The variables are interdependent, that is, manipulating (or seeing a change in) one affects the other and vice versa, and the closer the associated link the better the hypothesis. Consider things like the amount of funding a hospital gets vs wait times or mortality rates. Religious upbringing and having a good education and so on.
Of course, correlation is not causation. Whilst it can be indicative of a link, sometimes you end up with this sort of thing:
Even though the Nick Cage correlation seems ridiculous, we could still test this by not letting Cage be in any new roles for a few years.

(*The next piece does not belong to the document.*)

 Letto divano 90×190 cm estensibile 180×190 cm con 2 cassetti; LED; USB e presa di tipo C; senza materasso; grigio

In this time he could be recording many films and then release them all in the same year once he had at least double the current max, we would then have an example of extremes to see if the correlation still applied and if it didn’t, whilst not necessarily falsified it would show that the relationship is weaker than the graph makes it look. Enough examples of weakness could lead to the hypothesis being rejected.

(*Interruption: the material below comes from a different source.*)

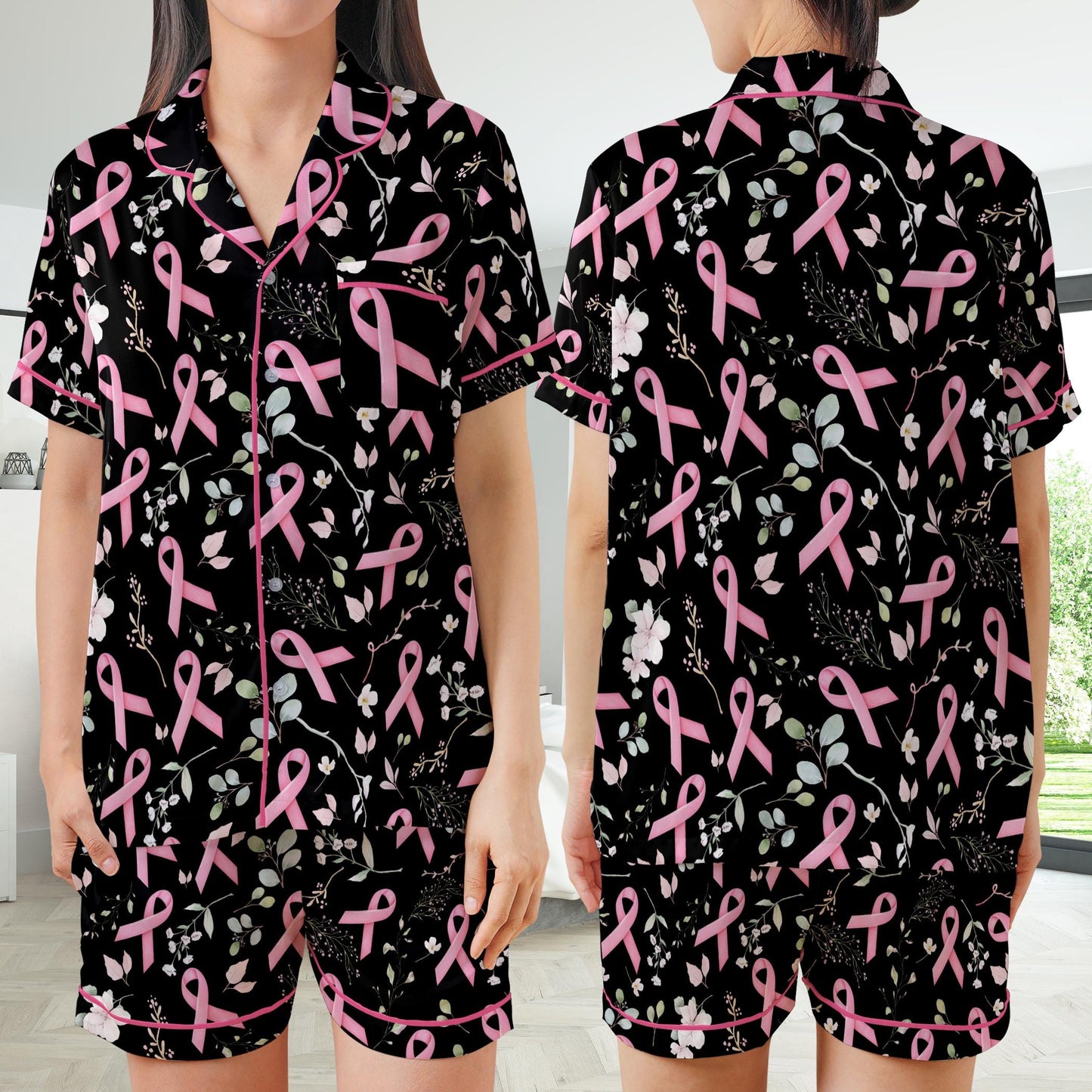 Breast Cancer Satin Pajamas Set, Wear Pink In October Pajama Set, Pink Ribbon Sleepwear, Floral Breast Cancer Support Gift for Fighter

Of course, getting Nick to agree to this test is a wholly different ball game.
The descriptive hypothesis/tentative law.
The descriptive hypothesis, better described as the tentative law, is an observation of a regular occurrence or pattern. Essentially, it’s a statement based on induction… E.g. all swans are white.
The descriptive hypothesis is better not considered a “real hypothesis” in science, because whilst it is falsifiable in theory, it’s not necessarily falsifiable in principle e.g. the black swan observation is only really “testable” by observing all species around the world, at least until you find a non-white swan, which isn’t really practical or even possible for an individual to do this in an instance.

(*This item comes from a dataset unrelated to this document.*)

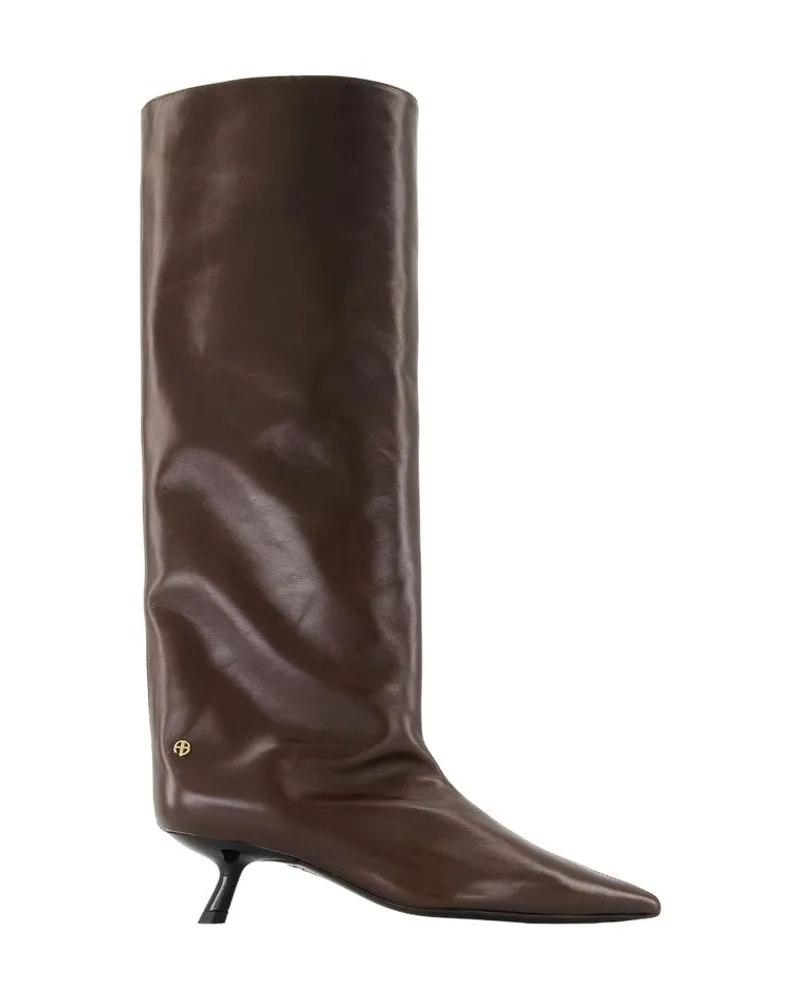 Anine Bing Hohe Hilda -Stiefel  Leder braun Brown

Descriptive hypotheses can be built into law which can feed into causal hypotheses and then produce those proper predictive qualities.
There are still variables, e.g. in the example of the swan it’s the colour of the swan and the amount of the world that has been observed. Whilst the variables are defined and quantifiable, they are not in the same league as the sort of variables for a causal hypothesis.
The statistical hypothesis is the hypothesis from which the null hypothesis was born.
The statistical hypothesis is a statement about the nature of a population or dataset. It’s often stated in terms of a population parameter.
Statistical hypotheses are probabilistic and made falsifiable by setting up rejection parameters.
Like the causal hypothesis, it works in relation to a dependent and independent variable. These are set up in the form of null and alternative hypothesis.
Null and alternative hypothesis.
The alternative hypothesis (or hypotheses) Ha/h1-n proposes a significance in the relationship between the variables whilst the null hypothesis suggests there’s no significant relationship between the variables.
If we consider our coffee example, the non-directional, positive directional, and negative directional are all alternative hypotheses as they all describe a relationship by manipulating the independent variable (quantity of caffeine) it causes and effect to the dependent variable, heart rate/level of activity.
The null, on the other hand, would be based on if there is no relationship between variables.. e.g. no matter how much caffeine someone had, there’s no significant difference in the heart rate/level of activity.
Hypotheses can also be split into groups like simple and complex.
A simple hypothesis is one with a single dependent and a single independent variable.
A complete Hypothesis is one with two or more dependent variables and two or more independent variables.
To lean into the coffee again, the amount of caffeine and the quantity of sugar causes and increase in the heart rate and level of perspiration.
Quick Recap on the Types of Hypothesis
The types of hypothesis overlap and are sometimes subsets.
E.g. the directional (or non-directional) hypotheses relate to the causal hypothesis and what sort of prediction we expect.
Simple and complex relate to the quantity of variables in a hypotheses.
The null and alternative hypothesis relate to the relationship between variables, e.g. the directional and non-directional hypotheses are alternative hypotheses and the null is when there is no significant relationship between the variables.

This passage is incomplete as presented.